Benchmarks are securities or groups of securities against which investment performance is analyzed. Examples of popular equity benchmarks are the S&P 500 index, Dow Jones Industrial Average, Russell 2000 index, Nasdaq Composite, MSCI World Index, FTSE100 and Nikkei 225. Bond indexes are usually created by large fixed-income broker-dealers such as Barclays, Bank of America Merrill Lynch and JP Morgan. A number of bond benchmarks vary by issuer type, maturity, yield, geography and tax status.
Year-to-date (YTD) performance refers to the change in security price since January 1 of the current year. Using the YTD period sets a common time frame for assessing performance of different securities. YTD is also useful for measuring price movements relative to other data, such as financial performance or economic indicators. YTD measurement is limited in that the considered changes in length and the trends implied by YTD performance early in the year can be misleading.
Yahoo Finance and Google Finance
Yahoo Finance has a charts section with various period lengths, including YTD. Yahoo Finance also provides historical pricing data for equities, exchange-traded funds and popular benchmark indexes at daily, weekly or monthly intervals.

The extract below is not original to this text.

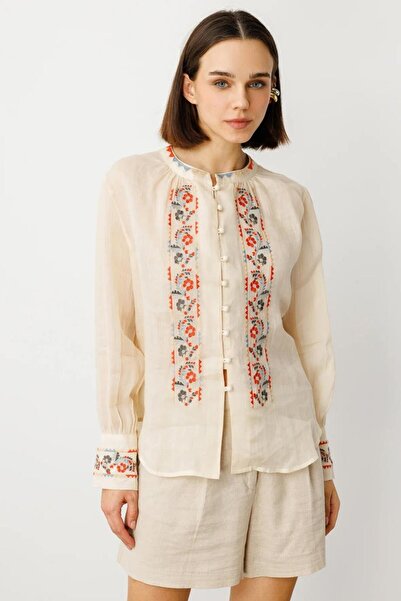 Nazen Giyim ÖNÜ ŞERİT NAKIŞLI BEJ KETEN BLUZ 3930-2Y5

Similar to Yahoo's service, Google Finance also has a price chart function that allows users to select YTD as the observed period for equities and indexes.
Other Sources
Morningstar has its own set of stock indexes for a variety of equity categories based on size, industry and company maturity. In a table in the Markets section of Morningstar.com, there is a YTD performance data for each benchmark index.
The Vanguard Group has a benchmark returns page in its website's Investing section. The tables on this page include YTD performance for a variety of equity and bond indexes.
The Wall Street Journal publishes YTD benchmark data for equities and bonds in its Market Data Center.